I don't think any developer logged into a system should be able to have a plugin automatically available for running and visible to that (or other) users in UI. Absolutely an admin should have the ability to approve or reject plugin submissions, for security reasons and others IMHO.

6. How plugin developers submit (not register) plugin definitions for registration to the Chris administrator?

Short-term, could be as simple as a post it note handed to admin on-site at the hackathon, or writing on a white board for on-site admin to process. Or something extremely simple, like a basic form in a UI provided just for the hackathons that emails admins who will be active either on site or at the time of the hackathon with the dockerhub url and the plugin devel's name / email. The email trail could be enough for the follow-up piece I mentioned earlier; the emails could be saved and manually put into a spreadsheet at some point. (might even be able to use a google form that automatically creates the spreadsheet from the results?)

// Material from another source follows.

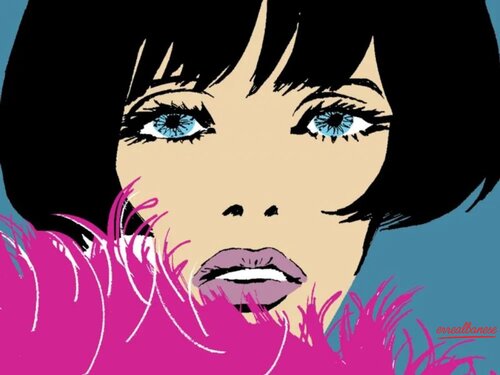 Valentina – Look at Me   Arte digitale su metallo Dibond con finitura in plexiglass Opera unica, non replicabile par Reginaldo Albanese, Peinture en vente sur Singulart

Long-term / high-level / bluesky / whatnot, I'd suspect that the administrator of any particular CHRIS system (assuming there are multiple CHRIS systems at different sites at different orgs) might not be in the business of registering plugins directly from a developer in a manual sense and instead might be registering them after selecting those of relevance to his or her user community from some kind of common shared catalog? (e.g. like a dockerhub for CHRIS plugins that doesn't exist yet that maybe could someday.)

Mid-term, then, I don't know if it would make sense to have a CUBE API endpoint or some kind of formal plugin submission system. But I don't know what your thinking is in terms of say a possible ecosystem developing around CHRIS plugins. Do you know what I mean?